Year two of my culinary apprenticeship at Restaurant Guy Savoy in Paris - I am a young cook, excited, unstoppable. And now comes my big chance to prove myself, at the BIG luncheon. The President of the French Republic and his whole family are there. Every "Ministre" from every aspect of French life is there. My role in this? To cook one of my favorite of Guy Savoy's signature dishes: a slender portion of trout briefly seared and dropped onto a bed of pureed parsley mixed with beurre blanc. So simple. No vegetables. The effect? Imagine a flowered plate, vibrant with color, with a circle of grassy parsley sauce and the deep pink orange of the fish. Stunning.
The process? Simple enough. Heat beurre blanc. Sear the fish. Stir puree. Assemble. If this dish were a children's toy, the directions would have fit on one-quarter of the side of the box. "Ca va?" asked Laurent, the sous chef, smiling grimly. I smiled back and tasted my beurre blanc. It had the perfect tang of lemon and vinegar. Guy Savoy came running into the kitchen. "Il est arrive, on y va!!"(Loose translation: make the fish NOW.)
The plates were hot, the fish seared so nicely. The puree was such a vivid color of green. I imagined myself lying on a cool patch of grass that same color. Lounging around, staring at the sky, waiting for the accolades for my cooking prowess to start pouring in. I watched as the sous chef ladled the parsley puree in perfect circles. Move over Simone Beck, Julia Child.

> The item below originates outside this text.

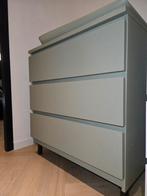 IKEA Malm (Commode) - 3 Lades - Groen, Huis en Inrichting, Kasten | Ladekasten, Ophalen, Overige materialen, Gebruikt, 50 tot 100 cm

You know that moment in a horror movie when the sweet child morphs into Satan's messenger? Imagine a kitchen filled with French dudes staring at plates of puree that had somehow instantly gone from green to a muddy brown. "Quest-ce que c'est cette daube la!!!" I heard Guy Savoy shout. (Loose translation: this food is crap.) I froze. "C'est quoi ca?" Guy Savoy looked at me as if I'd sent a stripper to his house during Sunday family dinner. (Loose translation: Don't think I will be joining the chef hall of fame any time soon.)
Laurent deftly whisked in some water and more parsley puree. Like magic, the sauce went back to green. "You just put a little too much vinegar in the sauce. The water balances out the acid that was killing the green of the parsley," he smiled humbly and continued ladling the sauce without missing a beat.
It was as if the kitchen breathed a sigh of relief and continued plating the fish. Disaster averted. Check. Lesson in humility. Check. Does this remain one of the biggest mistakes I ever made in a kitchen? Check. Did this happen over 14 years ago and still pop up in my thoughts at least once a week? You better believe it.